Class BinaryCasSerDes4

java.lang.Object
org.apache.uima.cas.impl.BinaryCasSerDes4
All Implemented Interfaces:
SlotKindsConstants

public class BinaryCasSerDes4 extends Object implements SlotKindsConstants
User callable serialization and deserialization of the CAS in a compressed Binary Format This serializes/deserializes the state of the CAS, assuming that the type information remains constant. Header specifies to reader the format, and the compression level. How to Serialize: 1) create an instance of this class, specifying some options that don't change very much 2) call serialize(CAS) to serialize the cas * You can reuse the instance for a different CAS (as long as the type system is the same); this will save setup time. This class lazily constructs customized TypeInfo instances for each type encountered in serializing. These are preserved across multiple serialization calls, so their setup / initialization is only needed the first time. The form of the binary CAS is inserted at the beginning so that receivers can do the proper deserialization. Binary format requires that the exact same type system be used when deserializing How to Deserialize: 1) get an appropriate CAS to deserialize into. For delta CAS, it does not have to be empty. 2) call CASImpl: cas.reinit(inputStream) This is the existing method for binary deserialization, and it now handles this compressed version, too. Delta cas is also supported.
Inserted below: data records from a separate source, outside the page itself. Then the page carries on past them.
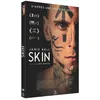 Image de Skin DVD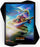 Riftbound League of Legends TCG Sleeves Unleashed Poppy, Keeper of the Hammer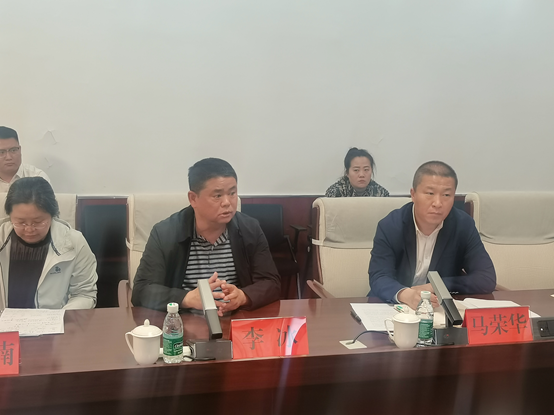 1717047438300112.png image.png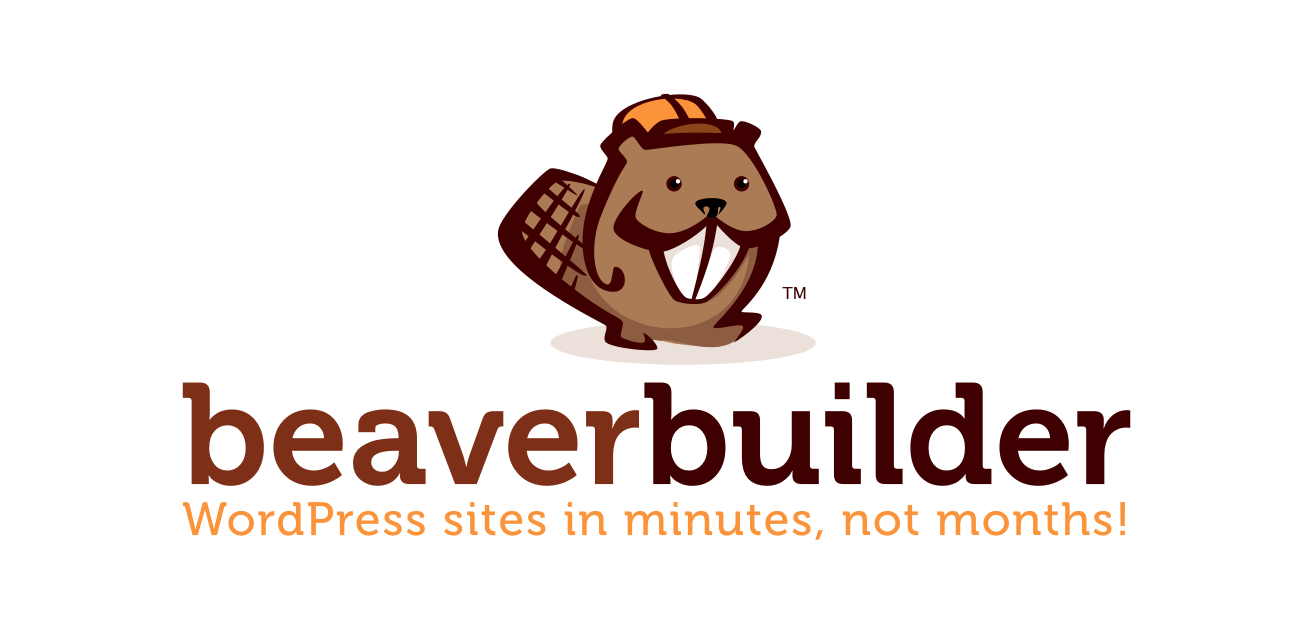 Beaver Builder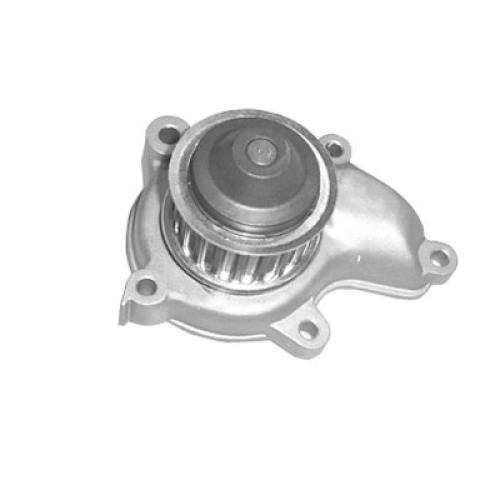 BOMBA AGUA NISSAN SENTRA 1.7D MOTOR CD17 NARP 2101054A15
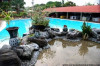 Kalipayan Resort in Dasmariñas, Cavite Thumbnail of Kalipayan Resort in Dasmariñas, Cavite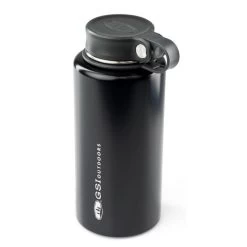 GSI Microlite 1000 Twist -Camp Life Shop microlite 1000 twist 3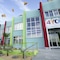 Youth Hostel 4You - map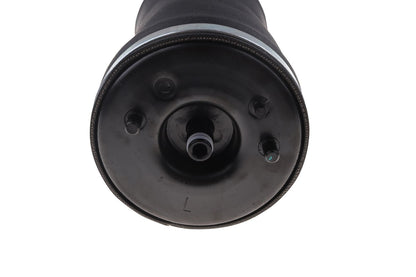 BOGAP Premium Air Spring for suspension B3426103
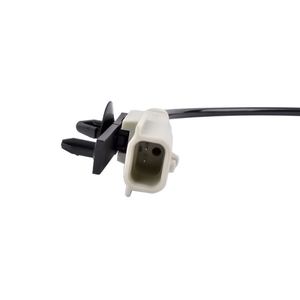 Sensori di Velocità ABS per Infiniti Q50 2014-2020, Q60 2017-2020, GTS, Tino, Almera, Tino Sylphy, AD Wagon, Rogue, Primera 479004GA0A - Product Image 2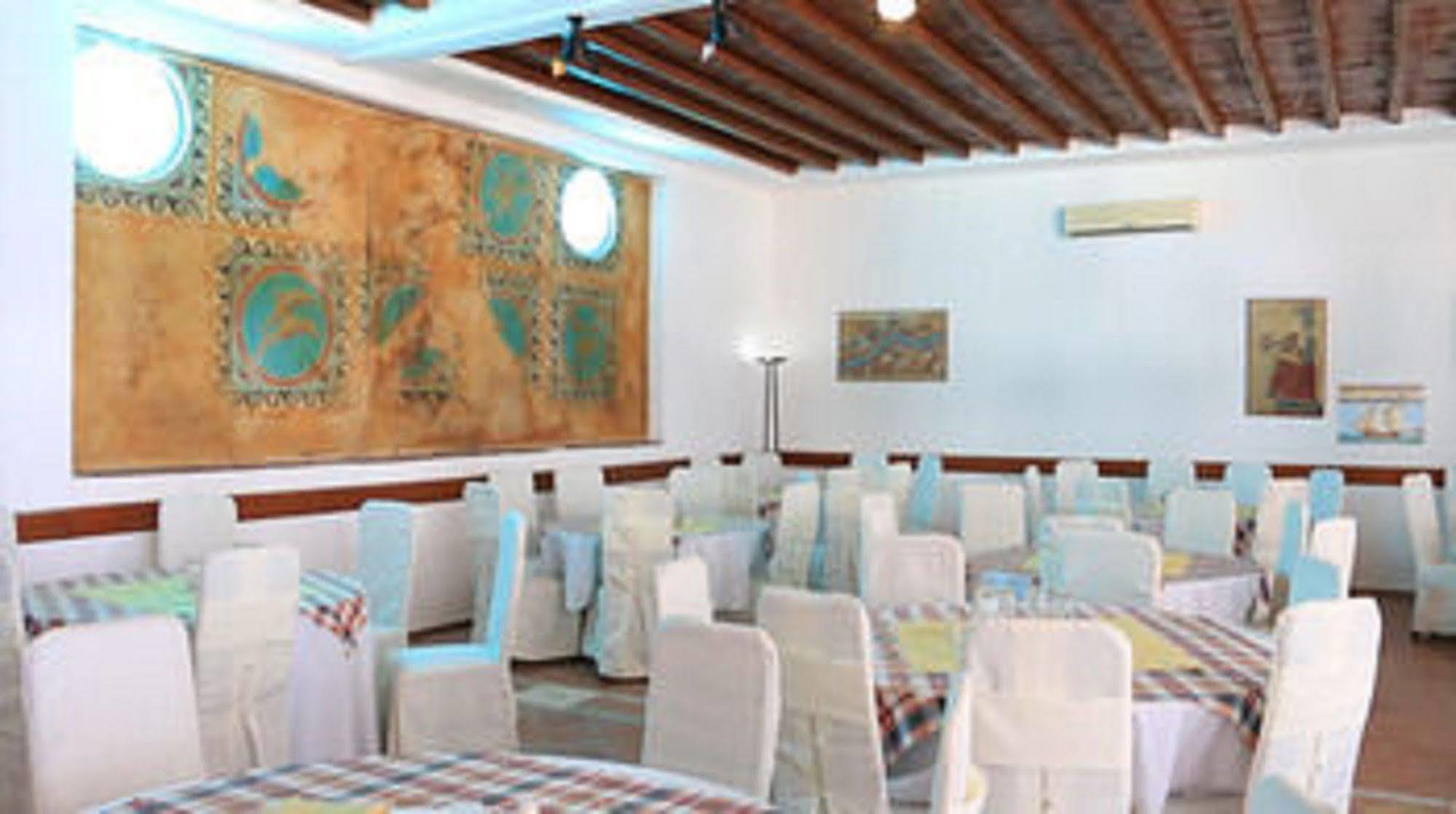 Hotel Mr & Mrs White Wyspa Tinos Zewnętrze zdjęcie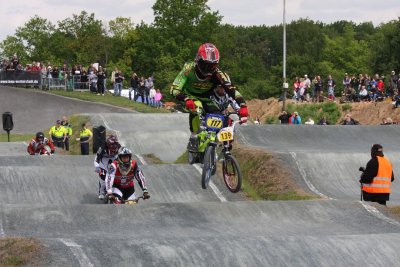 IMG_6761.JPG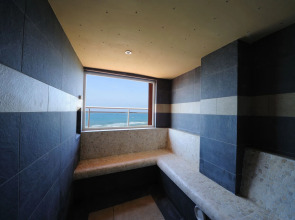 Hotel Sunway Playa Golf & Spa Sitges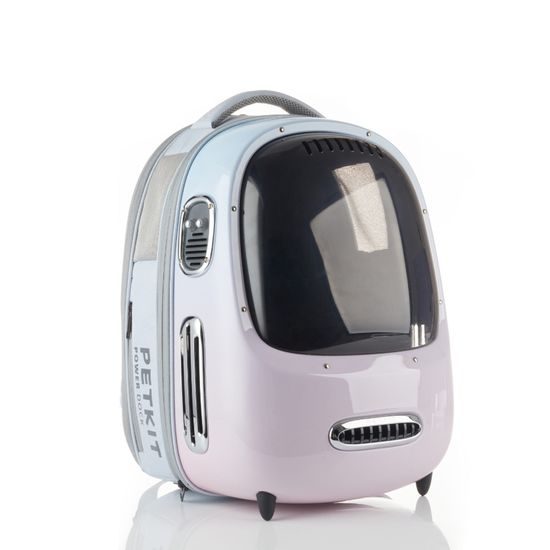 Petkit Cestovní batoh 2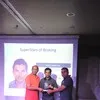 vinay pal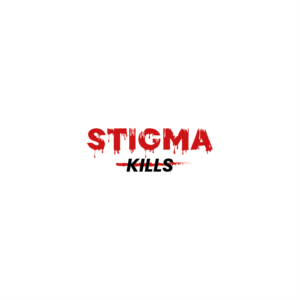 Logo Design by smouthy9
Compression/Decompression Works in two stages: application of Zip/Unzip to particular sub-collections of CAS data, grouped according to similar data distribution collection of like kinds of data (to make the zipping more effective) There can be up to ~20 of these collections, such as control info, float-exponents, string chars Deserialization: Read all bytes, create separate ByteArrayInputStreams for each segment, sharing byte bfr create appropriate unzip data input streams for these Properties of Form 4: 1) (Change from V2) Indexes are used to determine what gets serialized, because there's no "heap" to walk, unless the v2-id-mode is in effect. 2) The number used for references to FSs is a sequentially incrementing one, starting at 1 This allows better compression.